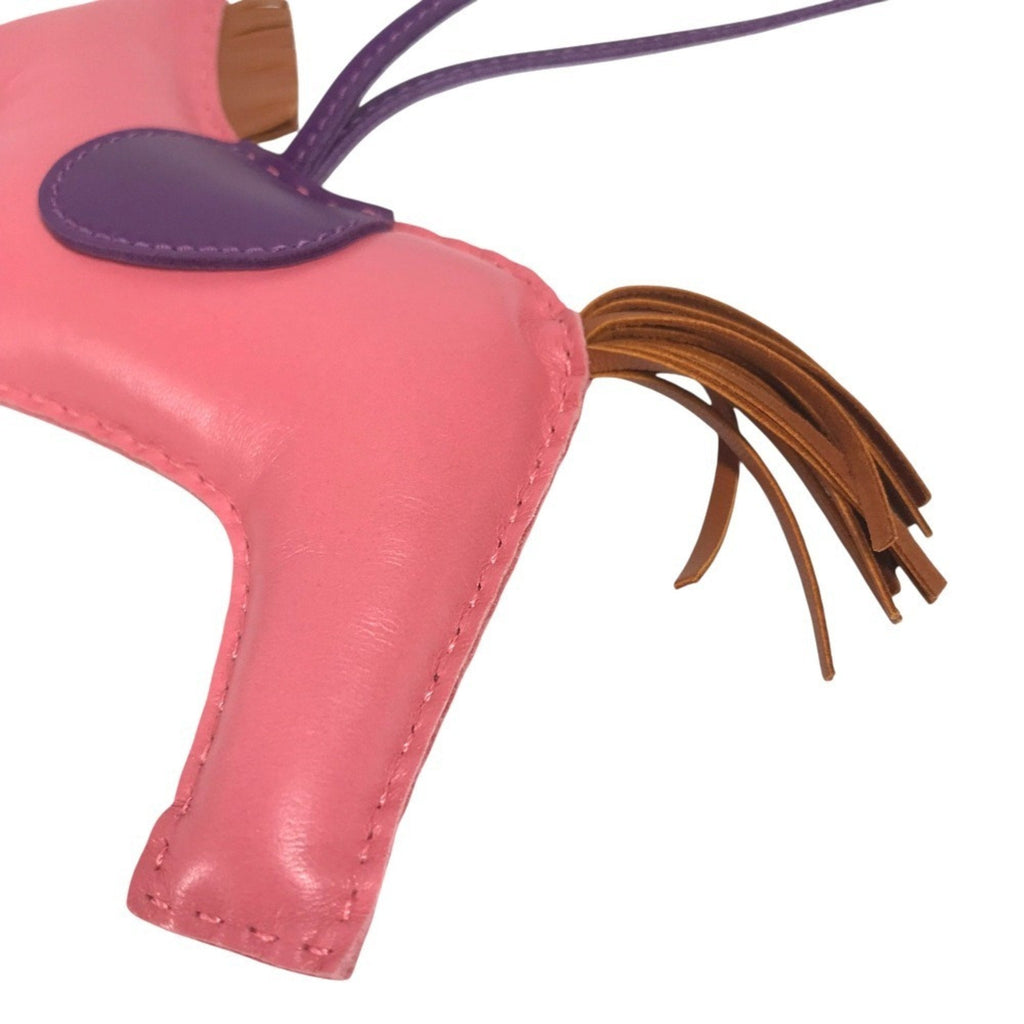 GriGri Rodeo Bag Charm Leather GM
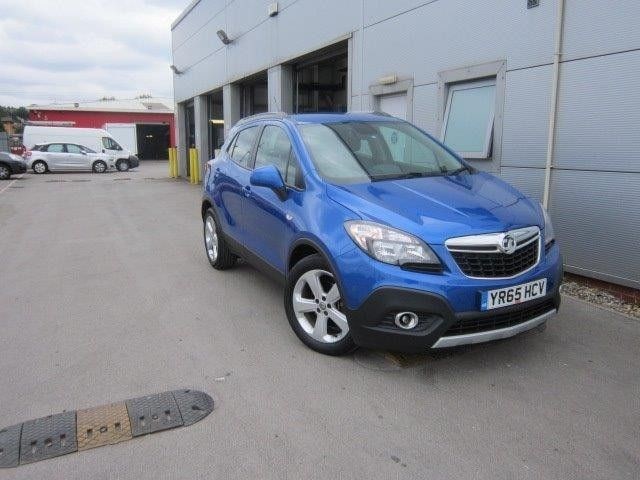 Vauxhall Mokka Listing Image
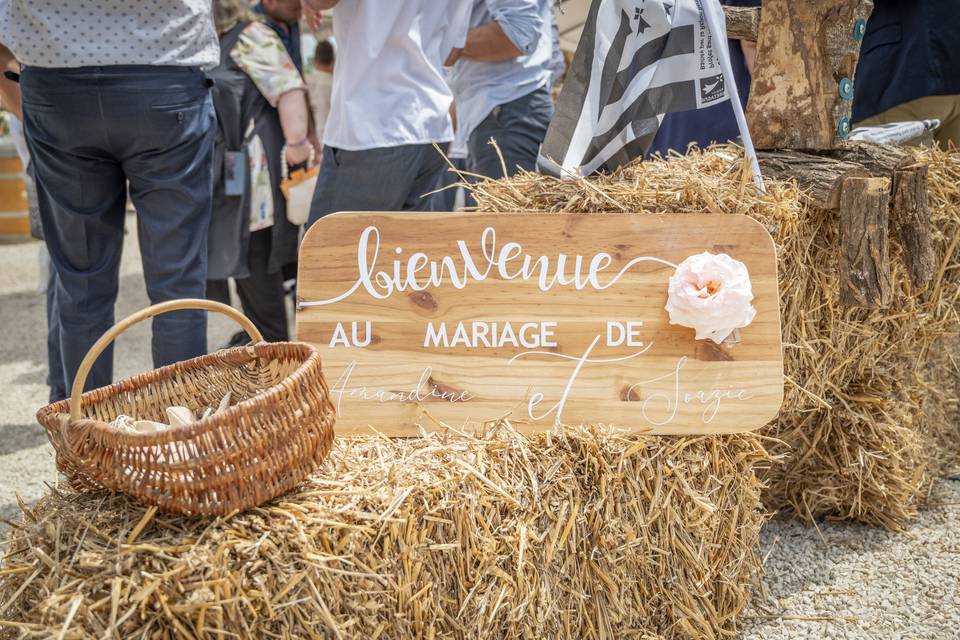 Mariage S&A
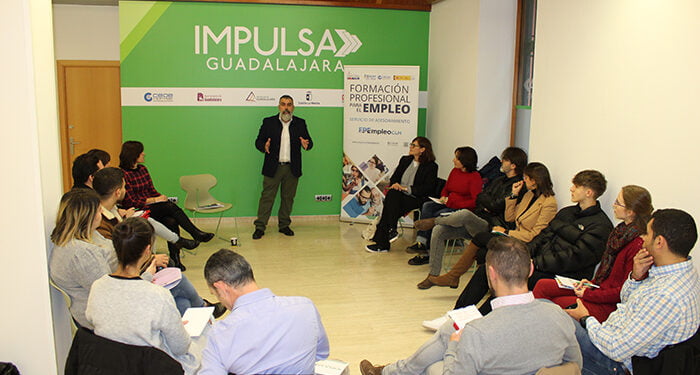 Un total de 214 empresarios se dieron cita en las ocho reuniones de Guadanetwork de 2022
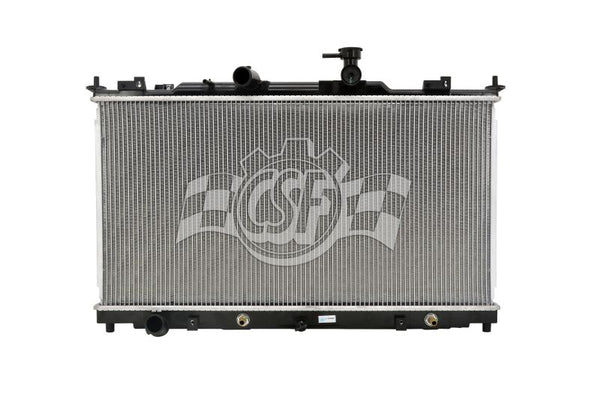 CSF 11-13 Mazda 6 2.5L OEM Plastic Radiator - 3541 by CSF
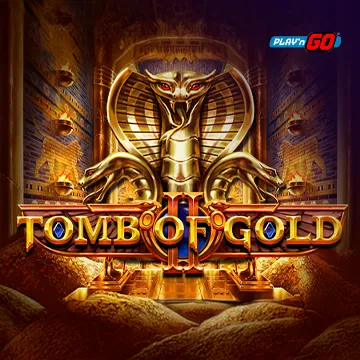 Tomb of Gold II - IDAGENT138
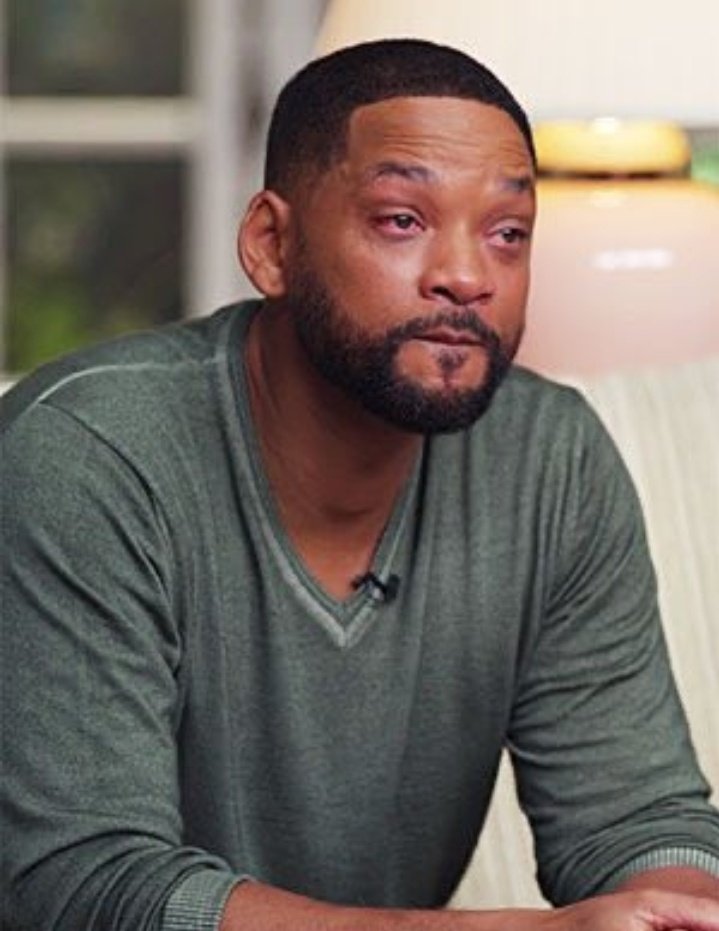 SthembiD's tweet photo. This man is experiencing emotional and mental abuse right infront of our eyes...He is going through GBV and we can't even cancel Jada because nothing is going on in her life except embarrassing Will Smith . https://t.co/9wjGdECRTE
•••••
Work item
Reproduce the records above exactly, leaving out every picture they contain.

Worked solution
 GriGri Rodeo Bag Charm Leather GM
 Vauxhall Mokka Listing Image
 Mariage S&A
 Un total de 214 empresarios se dieron cita en las ocho reuniones de Guadanetwork de 2022
 CSF 11-13 Mazda 6 2.5L OEM Plastic Radiator - 3541 by CSF
 Tomb of Gold II - IDAGENT138
 SthembiD's tweet photo. This man is experiencing emotional and mental abuse right infront of our eyes...He is going through GBV and we can't even cancel Jada because nothing is going on in her life except embarrassing Will Smith . https://t.co/9wjGdECRTE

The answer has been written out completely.